Prof. Choudry and Prof. Richa Chopra, former Founding Head-in charge, Department of Contemplative and Behaviourial Sciences, Sri Sri University, were interacting with SOA’s top brass at a meeting to discuss induction of IKS in the education system.
Prof. Choudry observed that India had been carrying an academic legacy for nearly 200 years, which implied that non-Western societies had hardly any knowledge to offer as they had little or no regard for Indian knowledge.
“The question is, how do we allow our youth to get the awareness back?” Prof. Choudry said.
Prof. Choudry said the New Education Policy 2020, advocated curricular integration of essential subjects, skills and capacities, focused on knowledge from ancient India and its contribution to the modern society, its successes and challenges and a clear sense of India’s future aspirations with regard to areas like education, health and environment in an accurate and scientific manner throughout the school curriculum wherever relevant.
SOA, Prof. Chopra suggested, could adopt an Odisha specific approach in this context and set up a Centre for IKS to locate the missing links in different disciplines and find out what was happening in the yesteryears while providing research scope to foreign students in IKS.
Prof. Choudry further said the New Education Policy 2020 (NEP 2020) has advocated curricular integration of essential subjects, skills and capacities, focus on knowledge from ancient India and its contribution to the modern society, its successes and challenges and a sense of India’s future aspirations in areas like education, health and environment in an accurate and scientific manner throughout the school curriculum, wherever relevant.
She suggested that SOA could adopt an Odisha-specific approach in this context and set up a Centre for IKS to trace missing links in different disciplines and provide research scope to foreign students.
The SOA Centre for Preservation, Propagation and Restoration of Ancient Culture and Heritage of India (PPRACHIN) — an initiative to address critical issues of conservation — has plans to set up a Centre of Excellence for Indian Knowledge Systems.
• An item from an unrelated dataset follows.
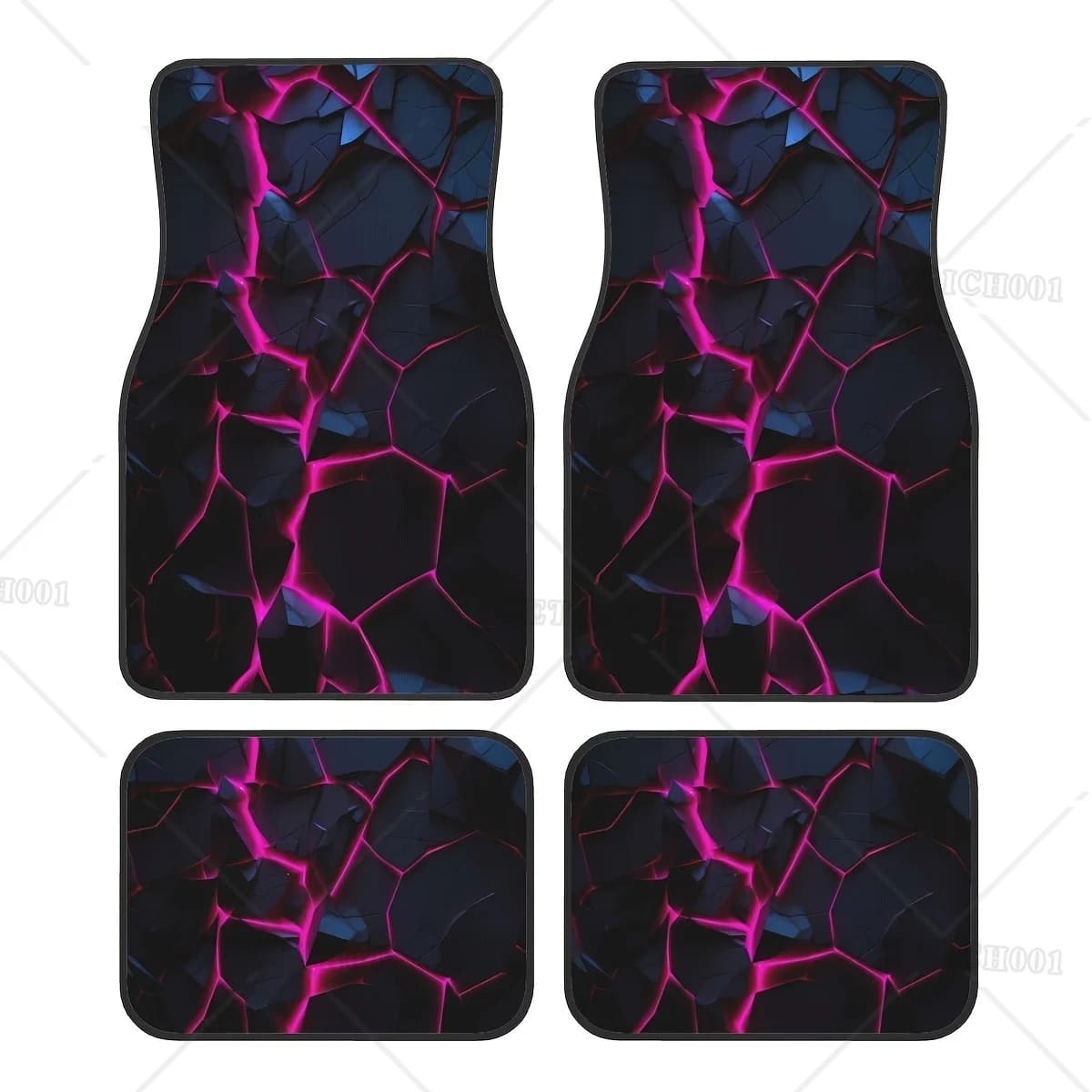 Car Rubber Mat with Finger Wash Pattern 4 Piece Universal Non-slip Car Front and Rear Waterproof And Easy To Clean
The meeting, chaired by SOA Vice-Chancellor Prof. Ashok Kumar Mahapatra, was attended by, among others, SOA Advisory Board Chairman Prof. Damodar Acharya, academician and SOA’s Chief Consultant Prof. R.P. Mohanty, Pro-Vice Chancellor Prof. P.K.Nanda, Controller of Examination Prof. Manjula Das, Dean (Students’ Welfare) Prof. Jyoti Ranjan Das and Deans of different faculties.